4. Don't trust a base image without exercising it. I would have caught the Alpine/crashpad bug on day one if I'd done a smoke test of chromium-browser --headless about:blank inside the chosen image before writing any application code.

5. Comment the "why this dependency" decisions. Code quality folklore says don't write comments — and that's right for "what this does" comments. But "we tried X and it doesn't work because Y" is institutional knowledge that lives in your head until you write it down.

Where DocPipe is now

v2 has been running in production for a few weeks. The dashboard shows ~3 requests/second average with peaks near 40/s during exam events, p95 latency around 800ms, zero browser restarts after the first day, and the analytics file on disk is roughly the size of a screenshot.

The legacy v1 endpoint still works — POST /api/html-to-pdf accepts the old payload, returns admit_card.pdf, and emits Deprecation: true + Sunset headers so the portal team knows to migrate. When they do, that handler comes out and v3 stops being a thing I have to think about.

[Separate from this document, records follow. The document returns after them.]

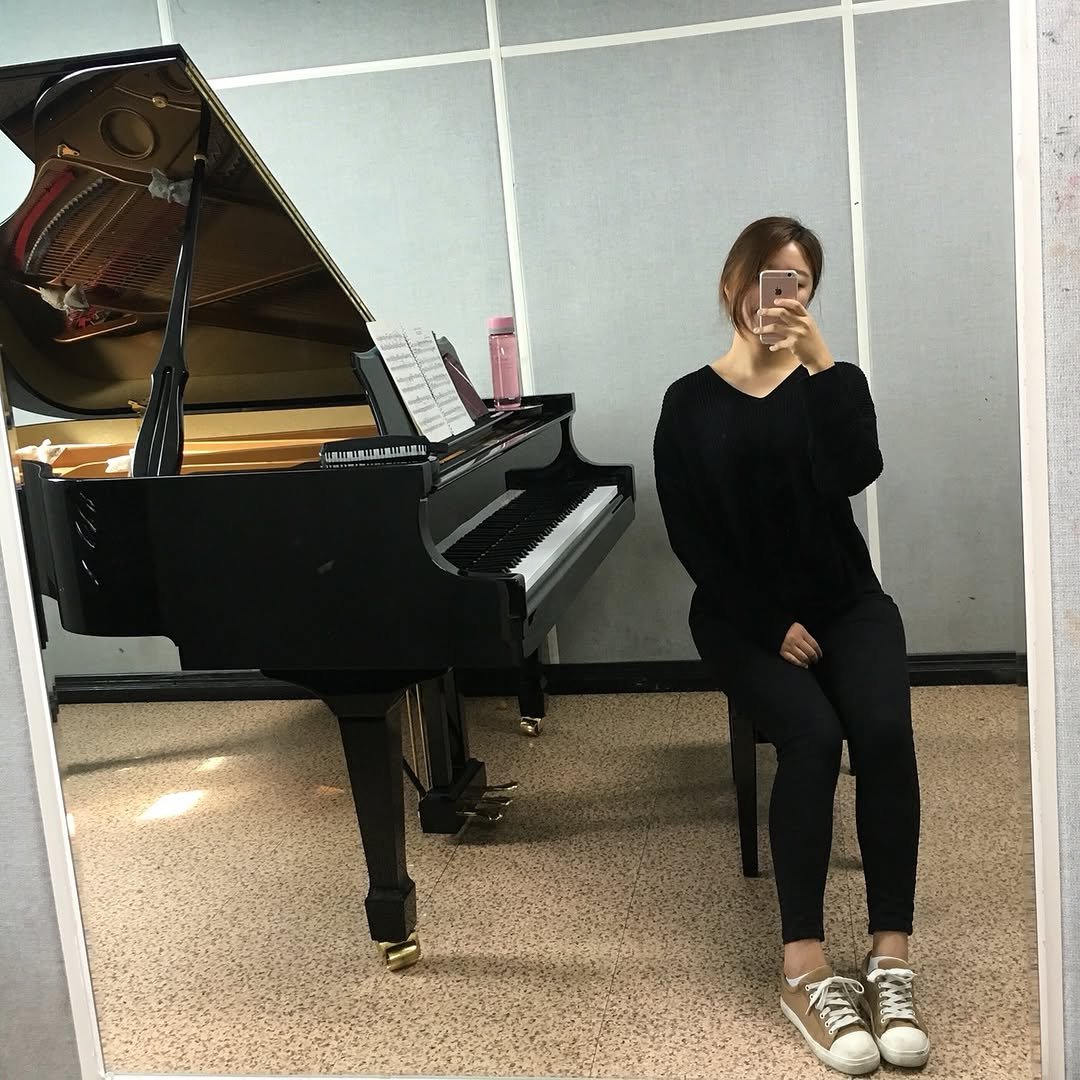 Photo by 아람이 on October 06, 2025.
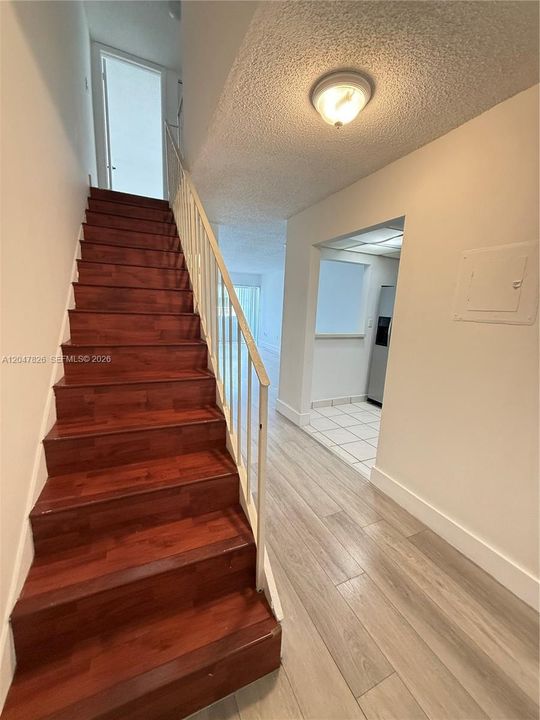 For Rent: $1,950 (1 beds, 1 baths, 1125 Square Feet)
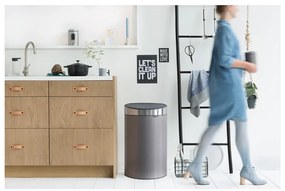 Sivý dotykový oceľový odpadkový kôš 40 l Touch Bin – Brabantia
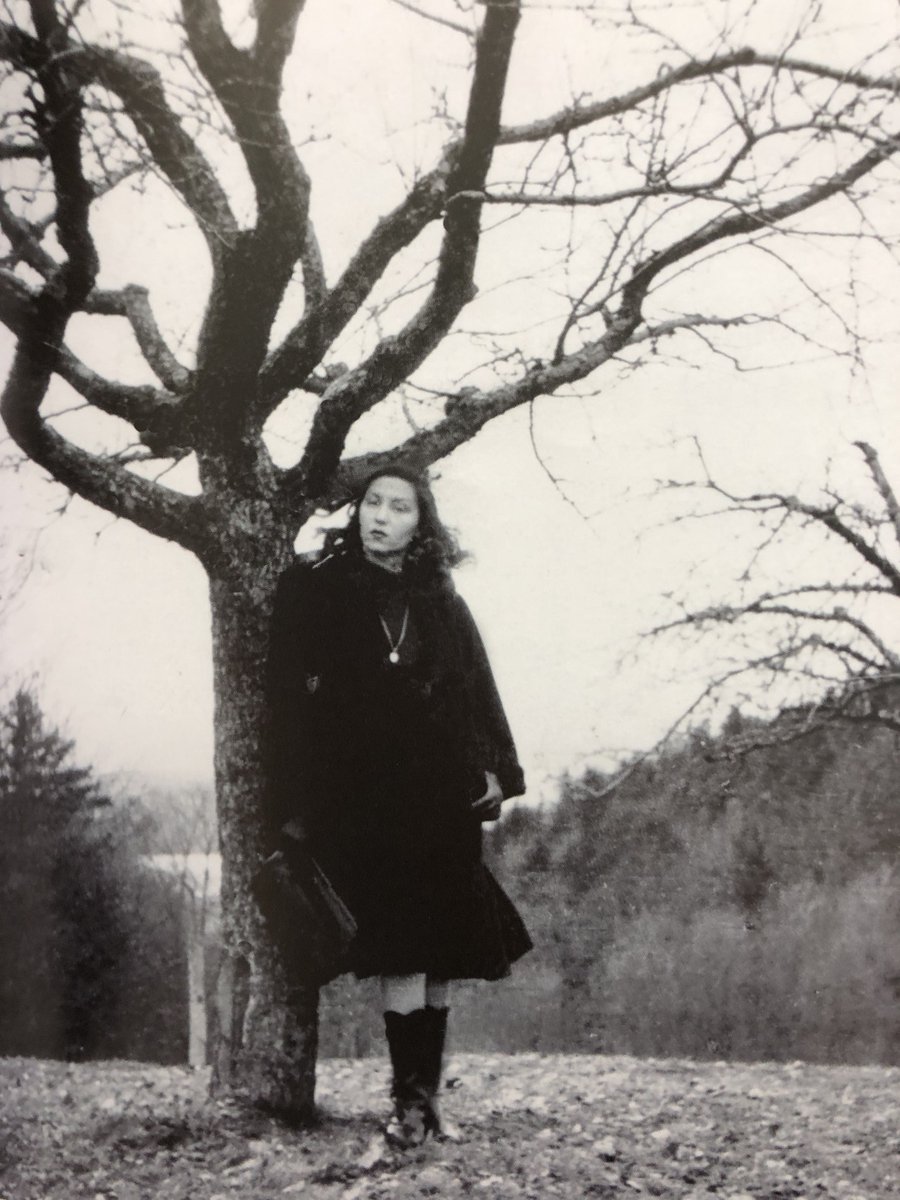 femme_quipleure's tweet photo. Clarice Lispector, 1946. https://t.co/0bP63yCinD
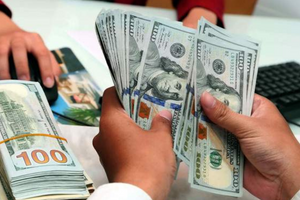 Cập nhật diễn biến đồng USD hôm nay 24/12: USD tiếp tục trượt giá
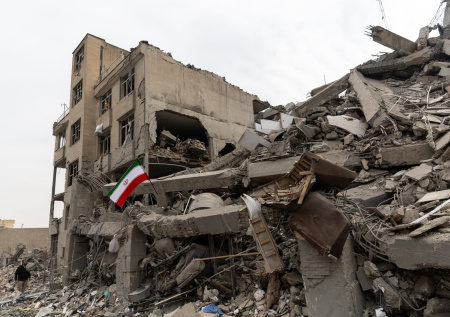 Двое детей погибли из-за атаки в пригороде Тегерана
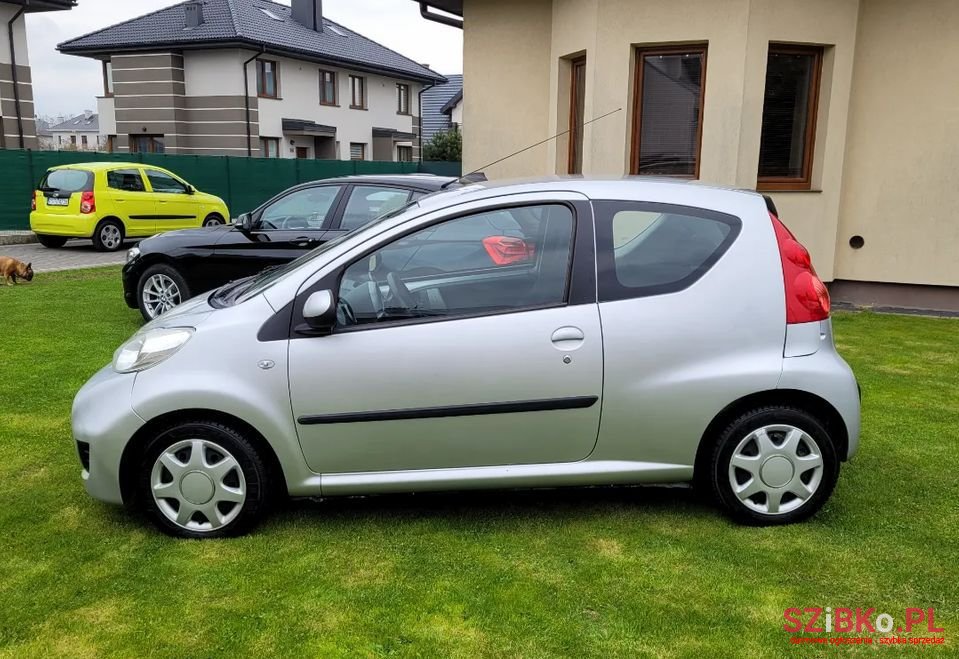 2011' Peugeot 107 photo #2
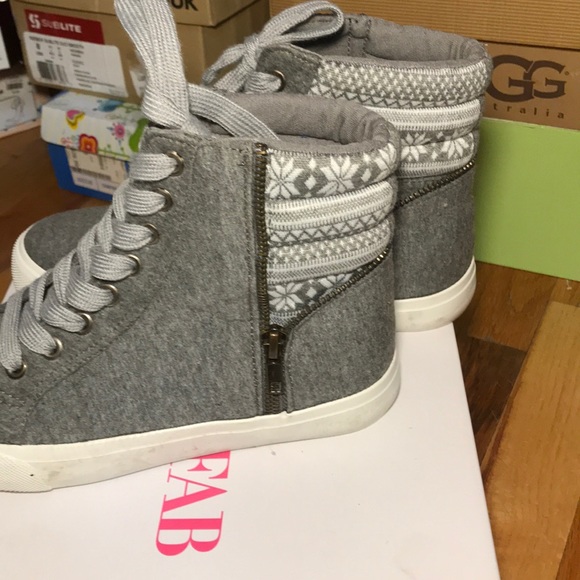 These are cute heeled boots - Picture 3 of 5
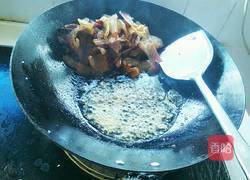 豌豆片炒腊肉的做法图解4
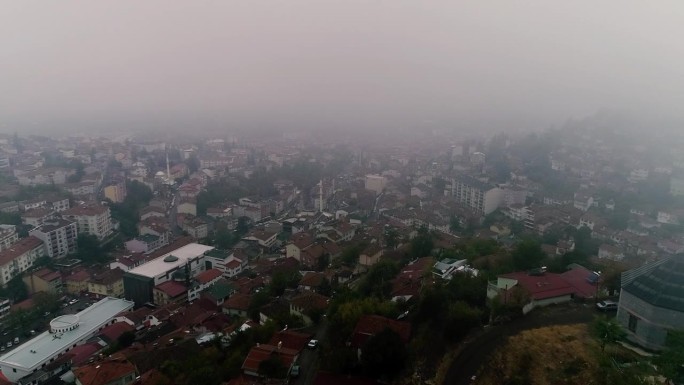 雾天城市的航拍视频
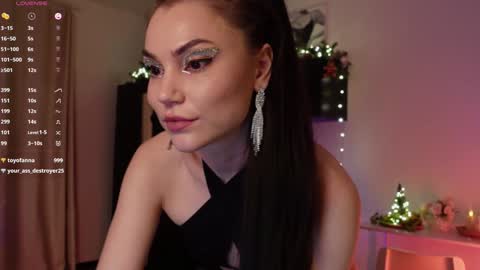 Snapshot of beatricefawne chatting on 12.28.24 Bzzz Bea online show from 12.28.24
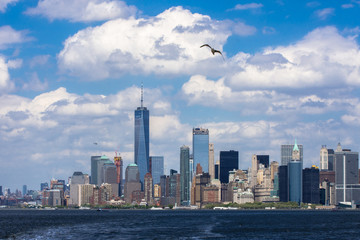Naklejka premium New York City panorama with Manhattan Skyline over Hudson River.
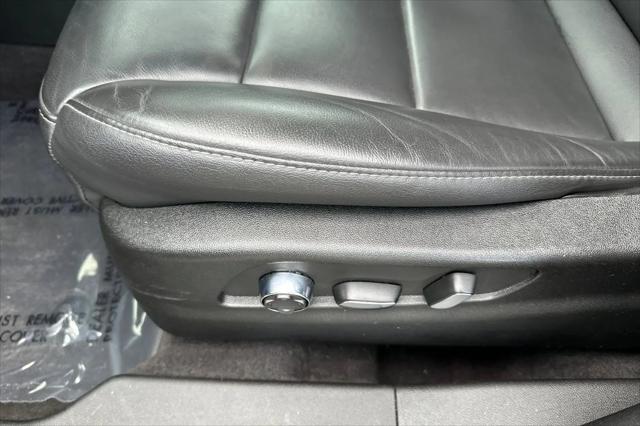 2025 Cadillac XT4 AWD Premium Luxury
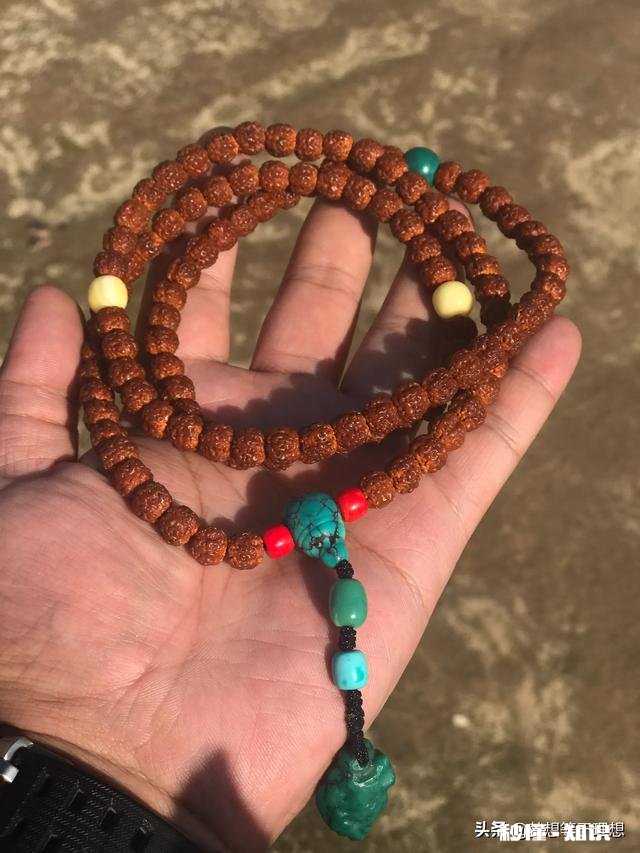 我看到好多人没事就盘手串等装饰品,特别是年轻人,他们是酸还是什么心理呢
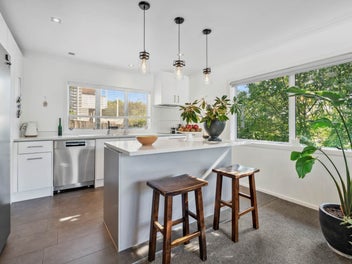 Tranquil, Tucked-Away Treasure in Orewa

The image lives at ghcr.io/monzim/docpipe. The source is at github.com/monzim/docpipe. The complete writeup with architecture diagrams and the full request lifecycle is in the repo's ARCHITECTURE.md.

You can check the deployed dashboard from here https://docpipe.services.monzim.com/v1/stats/dashboard

If you're building anything similar — synchronous, browser-backed, supposed to stay up forever — read internal/render/browser.go first. The fixes there are the load-bearing ones.